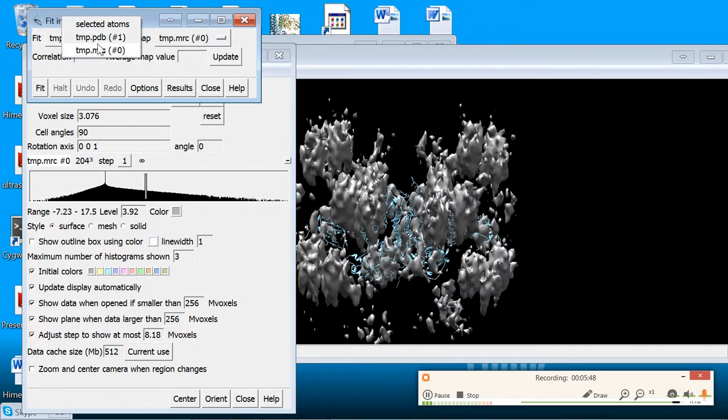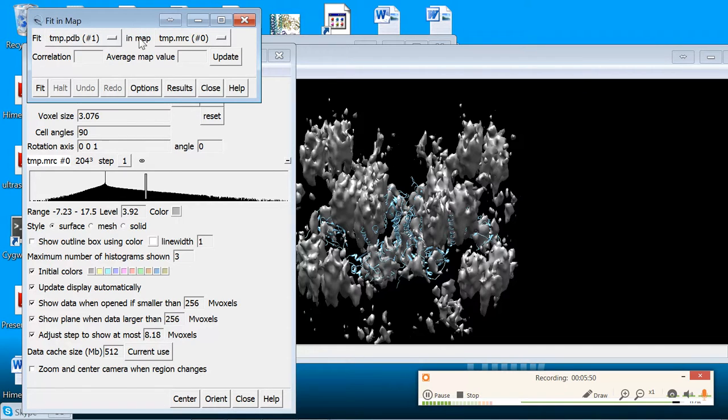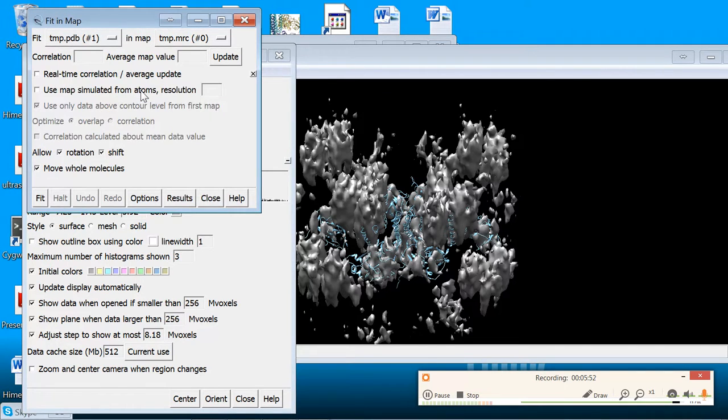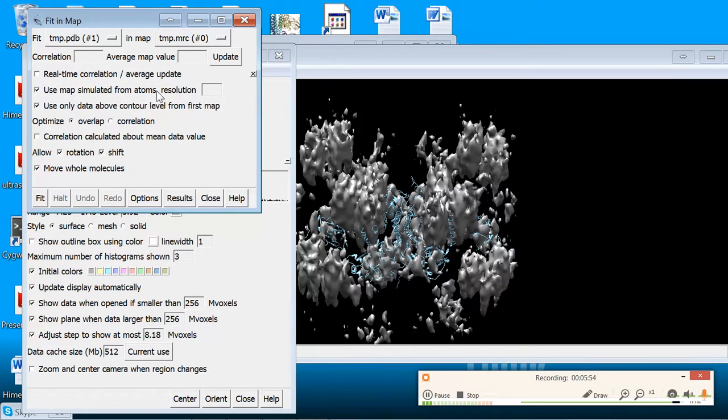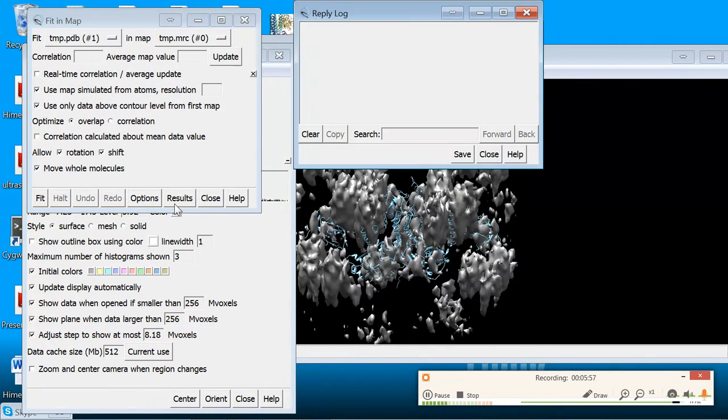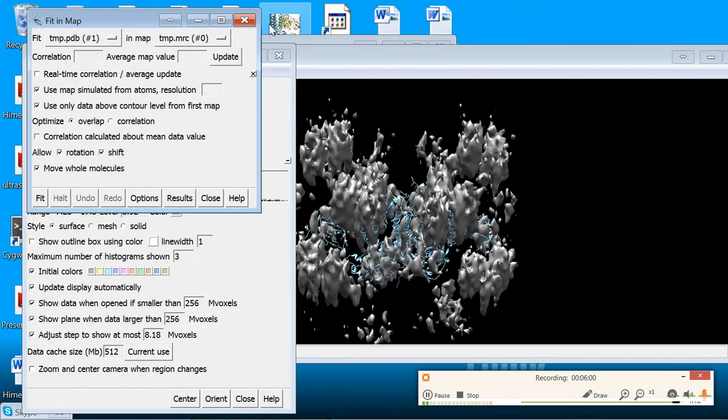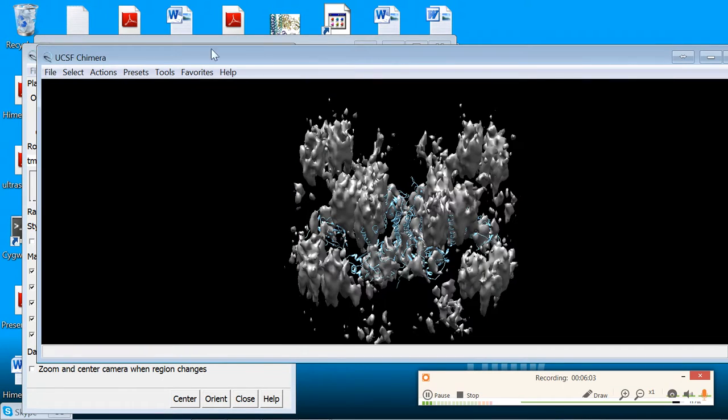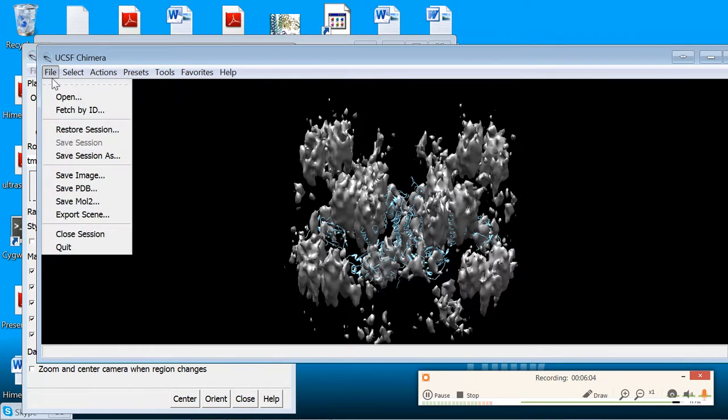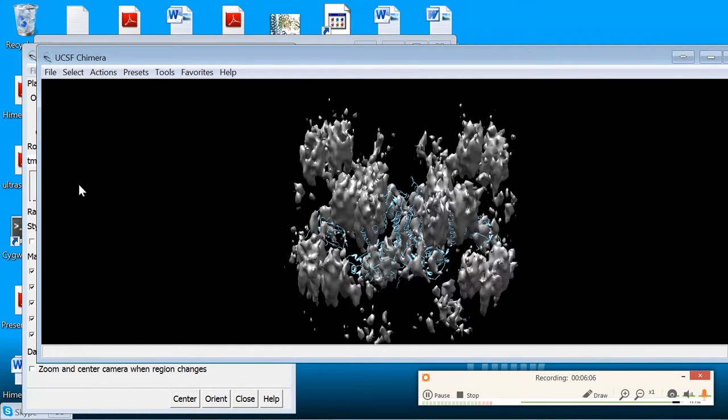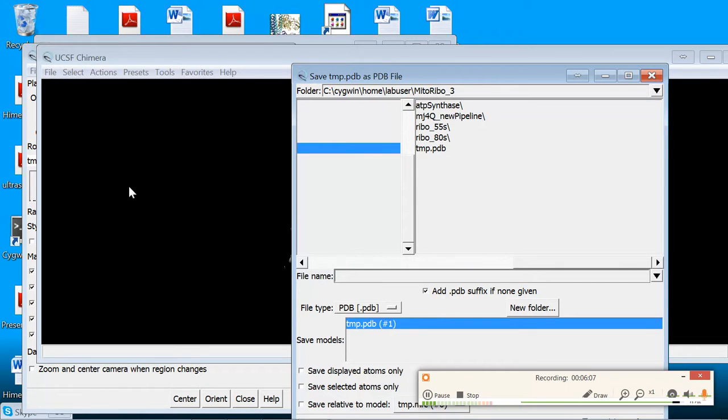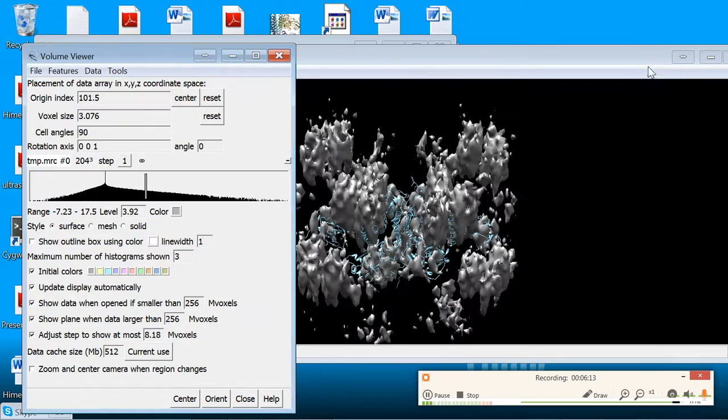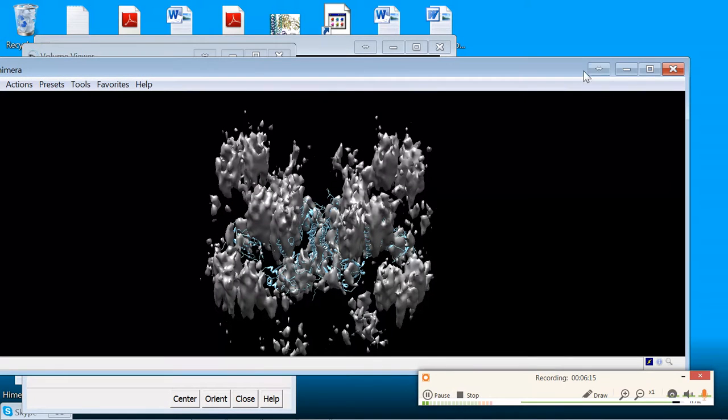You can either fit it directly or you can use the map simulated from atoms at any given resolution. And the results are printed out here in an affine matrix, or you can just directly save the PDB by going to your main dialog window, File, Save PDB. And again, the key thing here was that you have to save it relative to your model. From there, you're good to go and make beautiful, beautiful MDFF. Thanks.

---

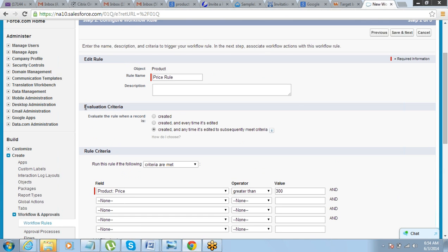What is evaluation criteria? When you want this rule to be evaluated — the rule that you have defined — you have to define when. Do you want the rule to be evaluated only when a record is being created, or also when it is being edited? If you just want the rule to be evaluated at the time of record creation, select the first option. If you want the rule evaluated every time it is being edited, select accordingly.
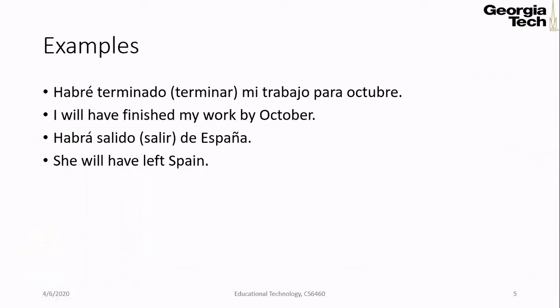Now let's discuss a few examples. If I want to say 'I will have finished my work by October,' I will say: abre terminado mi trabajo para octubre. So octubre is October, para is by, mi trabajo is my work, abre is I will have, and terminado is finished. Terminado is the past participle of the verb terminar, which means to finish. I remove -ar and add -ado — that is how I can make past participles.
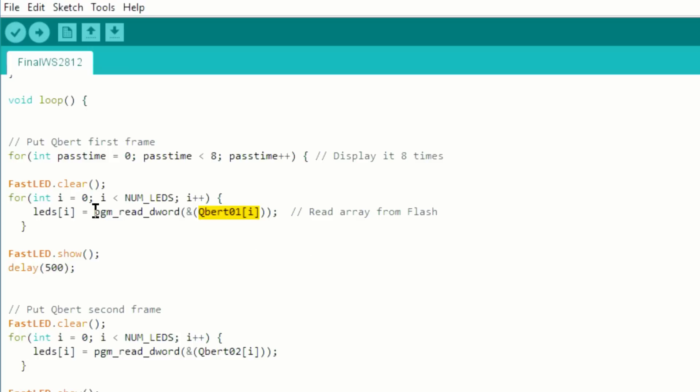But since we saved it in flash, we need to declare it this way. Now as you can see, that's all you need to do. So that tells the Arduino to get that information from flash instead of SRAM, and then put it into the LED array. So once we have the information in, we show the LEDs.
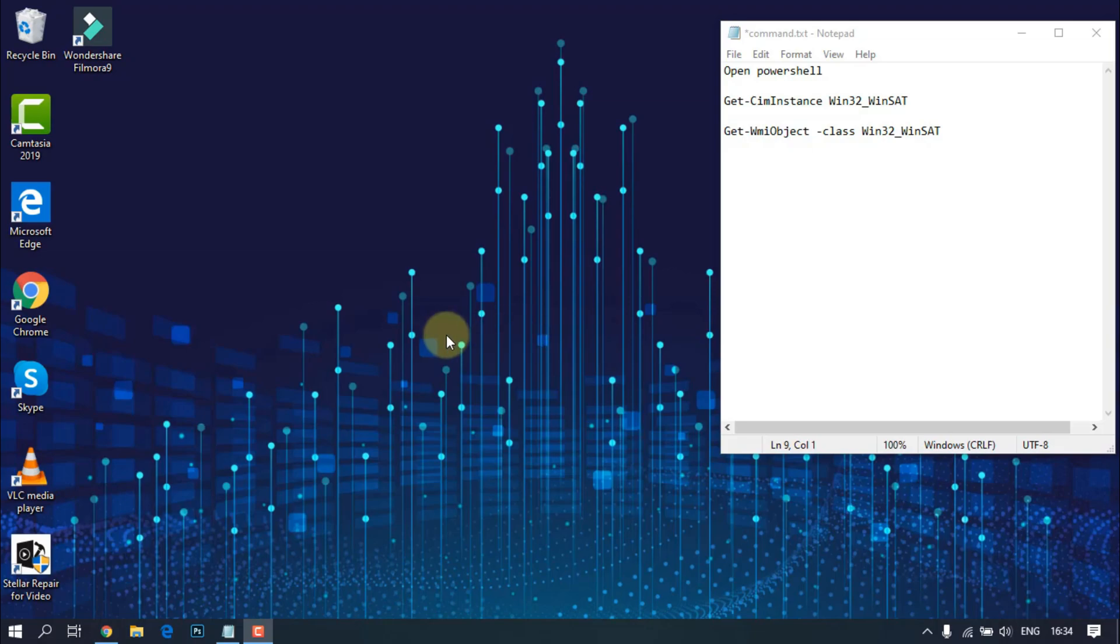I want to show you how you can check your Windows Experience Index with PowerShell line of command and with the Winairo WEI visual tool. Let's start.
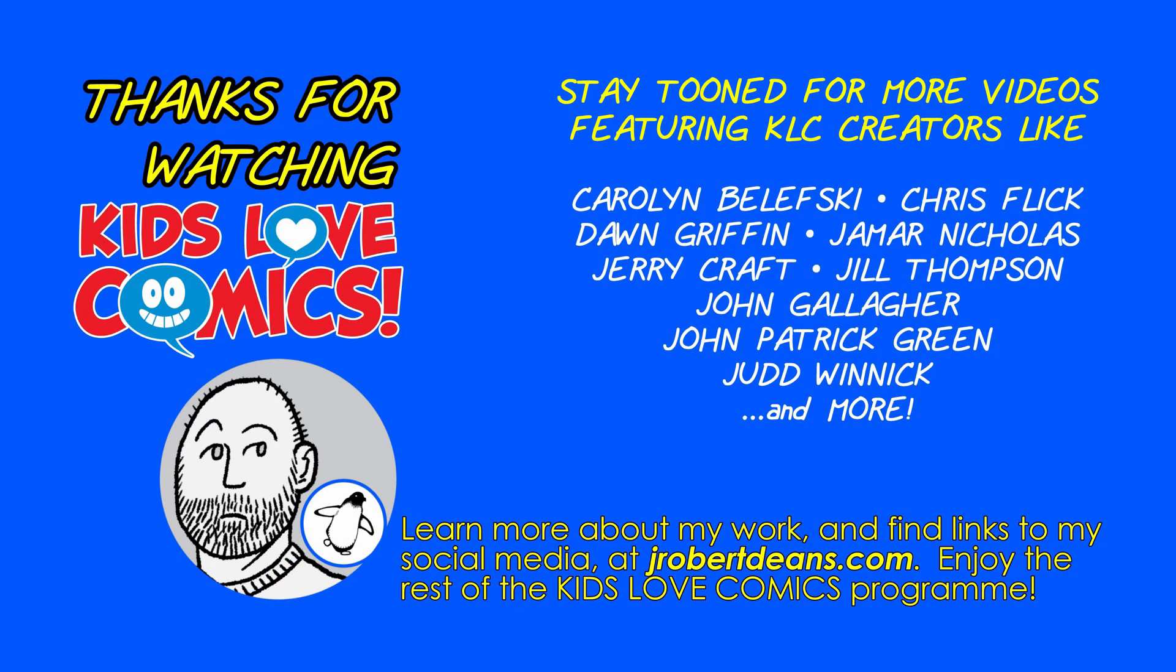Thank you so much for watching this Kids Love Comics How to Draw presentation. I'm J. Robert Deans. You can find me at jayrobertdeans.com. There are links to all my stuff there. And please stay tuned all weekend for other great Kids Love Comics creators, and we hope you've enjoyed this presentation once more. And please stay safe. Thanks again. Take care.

==

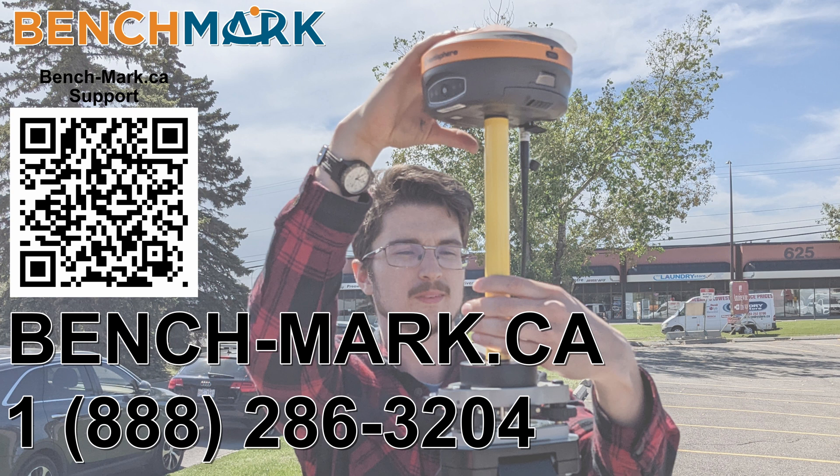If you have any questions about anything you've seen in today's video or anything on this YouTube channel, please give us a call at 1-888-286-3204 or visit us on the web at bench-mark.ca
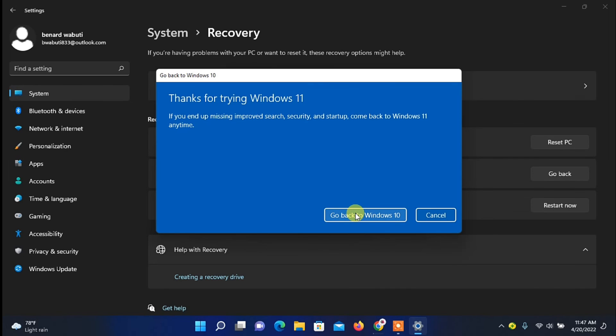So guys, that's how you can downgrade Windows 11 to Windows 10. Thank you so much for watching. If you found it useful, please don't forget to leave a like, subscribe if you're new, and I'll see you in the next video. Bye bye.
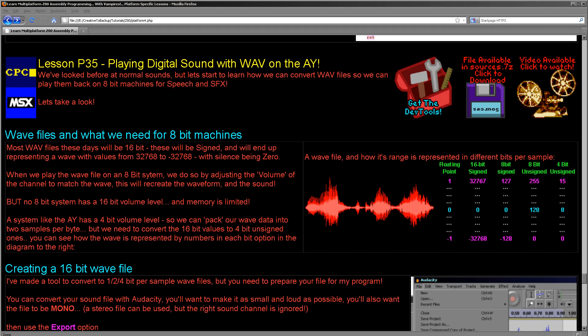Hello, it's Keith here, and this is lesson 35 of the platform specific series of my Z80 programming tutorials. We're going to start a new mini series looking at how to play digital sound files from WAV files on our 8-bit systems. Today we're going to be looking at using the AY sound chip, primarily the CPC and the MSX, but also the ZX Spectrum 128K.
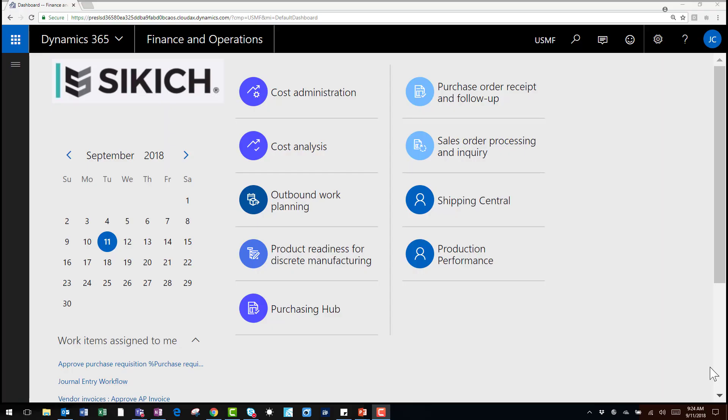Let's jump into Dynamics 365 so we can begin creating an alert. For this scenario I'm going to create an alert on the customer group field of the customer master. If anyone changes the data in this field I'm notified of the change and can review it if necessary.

(TASK TO COMPLETE): Without the pictures, set down the lines above from the line with "If you have" up to and including the line with "So guys, that's" exactly as they stand.

(REPLY):
If you have any questions about anything you've seen in today's video or anything on this YouTube channel, please give us a call at 1-888-286-3204 or visit us on the web at bench-mark.ca
So guys, that's how you can downgrade Windows 11 to Windows 10. Thank you so much for watching. If you found it useful, please don't forget to leave a like, subscribe if you're new, and I'll see you in the next video. Bye bye.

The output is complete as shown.